Dataset entries
=== Begin Enclosure ===

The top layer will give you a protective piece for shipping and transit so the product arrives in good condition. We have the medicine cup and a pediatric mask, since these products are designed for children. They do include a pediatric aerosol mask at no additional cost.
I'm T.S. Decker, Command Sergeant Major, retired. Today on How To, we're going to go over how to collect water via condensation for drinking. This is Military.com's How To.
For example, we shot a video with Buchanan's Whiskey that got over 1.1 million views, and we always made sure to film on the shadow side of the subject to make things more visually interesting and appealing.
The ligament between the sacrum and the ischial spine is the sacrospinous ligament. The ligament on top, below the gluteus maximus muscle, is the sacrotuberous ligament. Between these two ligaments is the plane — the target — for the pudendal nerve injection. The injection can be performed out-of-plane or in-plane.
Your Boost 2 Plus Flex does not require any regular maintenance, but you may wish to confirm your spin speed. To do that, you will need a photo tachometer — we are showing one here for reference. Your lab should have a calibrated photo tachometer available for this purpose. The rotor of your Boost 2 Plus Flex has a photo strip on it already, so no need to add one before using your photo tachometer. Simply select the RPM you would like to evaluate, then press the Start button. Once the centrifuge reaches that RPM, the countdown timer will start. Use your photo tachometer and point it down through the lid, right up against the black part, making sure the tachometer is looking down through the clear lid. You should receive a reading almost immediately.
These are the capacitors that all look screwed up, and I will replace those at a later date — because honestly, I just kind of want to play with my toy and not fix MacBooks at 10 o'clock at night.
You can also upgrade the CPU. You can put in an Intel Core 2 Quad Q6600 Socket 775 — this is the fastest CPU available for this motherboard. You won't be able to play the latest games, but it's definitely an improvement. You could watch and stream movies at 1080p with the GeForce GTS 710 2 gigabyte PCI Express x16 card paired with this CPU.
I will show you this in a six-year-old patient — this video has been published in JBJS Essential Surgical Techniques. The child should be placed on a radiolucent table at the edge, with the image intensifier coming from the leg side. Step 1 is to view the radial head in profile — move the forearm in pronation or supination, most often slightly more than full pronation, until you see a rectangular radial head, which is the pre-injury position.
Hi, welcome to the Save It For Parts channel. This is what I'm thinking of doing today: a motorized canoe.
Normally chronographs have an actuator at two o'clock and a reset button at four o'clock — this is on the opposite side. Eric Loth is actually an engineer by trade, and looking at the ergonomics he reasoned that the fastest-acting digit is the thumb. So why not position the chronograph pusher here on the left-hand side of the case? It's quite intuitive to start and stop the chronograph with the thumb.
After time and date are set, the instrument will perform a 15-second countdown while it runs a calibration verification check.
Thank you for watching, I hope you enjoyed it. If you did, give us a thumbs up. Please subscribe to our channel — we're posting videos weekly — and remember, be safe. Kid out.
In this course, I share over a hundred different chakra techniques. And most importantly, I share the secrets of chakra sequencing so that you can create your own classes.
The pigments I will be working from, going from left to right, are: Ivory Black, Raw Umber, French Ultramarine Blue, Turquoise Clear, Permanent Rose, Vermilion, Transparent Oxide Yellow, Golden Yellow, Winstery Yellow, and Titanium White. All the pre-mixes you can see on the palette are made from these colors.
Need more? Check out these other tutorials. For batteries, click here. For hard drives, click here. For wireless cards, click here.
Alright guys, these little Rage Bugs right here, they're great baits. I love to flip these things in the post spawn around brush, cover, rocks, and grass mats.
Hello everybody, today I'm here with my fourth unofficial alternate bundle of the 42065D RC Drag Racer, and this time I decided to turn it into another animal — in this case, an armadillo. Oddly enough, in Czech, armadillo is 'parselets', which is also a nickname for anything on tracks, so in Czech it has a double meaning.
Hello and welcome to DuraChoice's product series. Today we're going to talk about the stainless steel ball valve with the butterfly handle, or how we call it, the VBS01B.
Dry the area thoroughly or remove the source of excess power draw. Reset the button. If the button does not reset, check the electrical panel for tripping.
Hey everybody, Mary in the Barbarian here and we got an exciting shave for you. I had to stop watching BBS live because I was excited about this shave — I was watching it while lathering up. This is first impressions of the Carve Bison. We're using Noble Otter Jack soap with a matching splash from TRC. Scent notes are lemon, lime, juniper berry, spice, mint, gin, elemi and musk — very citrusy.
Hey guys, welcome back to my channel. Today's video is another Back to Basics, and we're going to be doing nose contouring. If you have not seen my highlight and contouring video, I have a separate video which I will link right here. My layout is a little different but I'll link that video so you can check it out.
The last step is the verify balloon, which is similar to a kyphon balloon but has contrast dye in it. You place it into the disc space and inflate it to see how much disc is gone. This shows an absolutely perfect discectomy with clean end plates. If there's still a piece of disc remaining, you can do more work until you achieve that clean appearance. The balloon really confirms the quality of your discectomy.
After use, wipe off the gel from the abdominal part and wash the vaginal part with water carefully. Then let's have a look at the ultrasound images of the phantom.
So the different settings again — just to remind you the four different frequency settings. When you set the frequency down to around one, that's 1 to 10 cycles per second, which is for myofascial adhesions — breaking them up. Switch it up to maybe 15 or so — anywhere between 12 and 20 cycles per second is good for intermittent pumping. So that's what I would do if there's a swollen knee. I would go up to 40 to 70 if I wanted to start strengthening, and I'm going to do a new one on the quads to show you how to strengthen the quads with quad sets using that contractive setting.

=== End Enclosure ===

Task item
For each line in the data that holds the word "case", copy the line.

Solution for this exercise
Normally chronographs have an actuator at two o'clock and a reset button at four o'clock — this is on the opposite side. Eric Loth is actually an engineer by trade, and looking at the ergonomics he reasoned that the fastest-acting digit is the thumb. So why not position the chronograph pusher here on the left-hand side of the case? It's quite intuitive to start and stop the chronograph with the thumb.
Hello everybody, today I'm here with my fourth unofficial alternate bundle of the 42065D RC Drag Racer, and this time I decided to turn it into another animal — in this case, an armadillo. Oddly enough, in Czech, armadillo is 'parselets', which is also a nickname for anything on tracks, so in Czech it has a double meaning.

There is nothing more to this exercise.